Moody-Adams segue Walzer para quem as mudanças morais progressivas saem mais de operários da crítica social e luta política do que especulação filosófica que muda paradigmas. Ela define 4 características dos inquiridores morais:

1.Ter um comprometimento pessoal com as consequências diárias dos seus argumentos. Em geral, vindo de resposta à experiência pessoal de uma dificuldade advinda de tratamento raso da moralidade na prática corrente.
2. Estar disposto a assumir grande risco pessoa para avançar as suas causas. Em contrapartida, deve querer minimizar os riscos causados aos outros.
3. Expôr outros a algum risco só será permitido se for um meio moralmente necessário de combater praticas perigosamente rasas e de regresso moral.
4. Estar disposto a usar métodos de persuasão que não são tipicamente reconhecidos pelos filósofos como métodos de persuasão racional.

A pergunta que se segue é se pode um protesto, um costume/ postura ou uma obra de arte ser uma forma de persuasão racional. O mais comum é seguir Stevenson para quem desobediência civil não violenta e exemplo pessoal são formas de persuasão não racional. Mas para Moody-Adams isso não faz jus às evidências. Ela cita a carta de Martin Luther King dizendo que o movimento dos direitos civis queria criar ‘uma tensão na mente’ e ‘crise intelectual’ ao obrigar os segregacionistas a reconhecer as inconsistências entre o ideal democrático da igualdade e a realidade da segregação sancionada por lei.

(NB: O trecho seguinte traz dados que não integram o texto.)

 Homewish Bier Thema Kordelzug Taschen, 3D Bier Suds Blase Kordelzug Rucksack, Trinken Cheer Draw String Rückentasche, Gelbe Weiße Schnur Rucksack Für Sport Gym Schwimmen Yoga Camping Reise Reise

Se for assim, o papel fundamental é o da reflexão racional e, apenas em um segundo momento, que protestos, panfletos, obras de arte e etc podem servir para divulgar essa reflexão à sociedade. Se isso faz sentido, se confirmaria a necessidade de uma divisão de trabalho entre filósofo e ativista. É claro que a mesma pessoa pode desempenhar ambos papéis, o exemplo mais citado por ela é Sócrates, mas fica claro que são papéis diferente. Isso se segue de as ferramentas eficazes na divulgação serem distintas daquelas utilizadas na reflexão.